BOSA (Bi-directional Sub-Optical Assembly) mainly includes the optical transmitter module and receiver module. This paper provides a testing and packaging method for duplex module. We treat the receiver module using epoxy gel sealing packaging method and laser welding technique for the transmitter module respectively to fix these two parts onto the metal main body. And sieve out the finished product with the laid-down electrical specifications to meet the conditions of testing and reliability.
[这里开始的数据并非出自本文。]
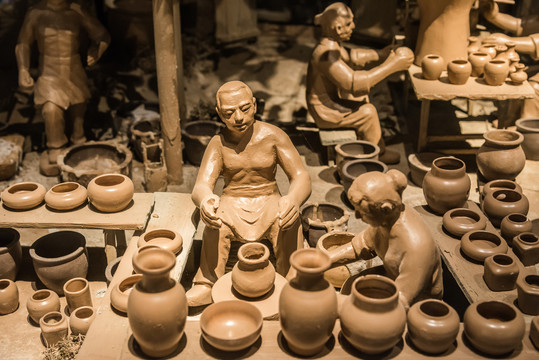 古代陶瓷加工作坊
This thesis employs optics simulation tool ZEMAX to explore the influence of active chip offset on the optical beam angle at which the beam enters the fiber end face while optical coupling efficiency reaches a maximum in theory. The experiments are conducted to observe the corresponding effect of chip offset when the coupling efficiency is fine tuned to the maximum. After a series of simulations and experiments, it can be concluded that the every 10μm chip offset gives a 0.5° TO light angle deviation. By this rule, the desired value of chip offset is calculated to be 60μm when a 6° fiber inclined plane is deployed in the BOSA structure. The coupling efficiency is also improved to the best and 5.46% higher than the conventional zero chip offset case. The effectiveness of the chip offset method is verified. The results also provide a greater tolerance for post-weld displacements generated by laser welding.